Considerada como una de las industrias culturales al mismo nivel que lo son la industria musical o el cine, los videojuegos forman parte del ocio diario de cientos de miles de personas en España. Para el año 2018 está previsto que el gasto medio por persona en nuestro país en videojuegos sea de 19 euros.

Se han constituido como el sector con una mayor potencialidad de crecimiento dentro de los contenidos digitales. En el año 2015 se alcanzó la cifra de 510 millones, lo que significó un crecimiento del 24% respecto al 2014.
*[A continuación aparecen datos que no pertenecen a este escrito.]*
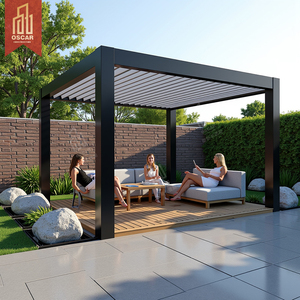 Pergola in alluminio con Gazebo impermeabile motorizzato Design moderno giardini cortili esterni divertenti pergolato in alluminio - Product Image 1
Escaso reflejo en la oferta universitaria

Pero estas buenas previsiones todavía no tienen un justo reflejo en las universidades. El estigma friki que rodea al videojuego ha provocado que, en un primer momento, la oferta formativa haya sido muy escasa. La primera universidad que ofertó estudios relacionados con este fenómeno cultural fue la Jaume I de Valencia en el año 2012, y de forma muy paulatina ha ido integrándose en otros centros tanto públicos como privados.

Las profesiones del videojuego

Las profesiones que se definen dentro del sector están muy relacionadas con los campos de la cinematografía y, sobre todo, de la animación. Comparten gran parte de las funciones, aunque el videojuego desarrolla su faceta específica. Estos son los principales perfiles profesionales y qué tipo de funciones desarrollan:

Producción del videojuego decide sobre qué proyecto se desarrollará y diseña el presupuesto y a qué se dedicará cada partida. Su cometido principal está en cómo se consigue la financiación y las vías relacionadas con la distribución del videojuego. Su formación está más relacionada con especialidades como ADE o Económicas, aunque es muy importante la formación en todo lo relacionado con la generación de contenidos y la narrativa.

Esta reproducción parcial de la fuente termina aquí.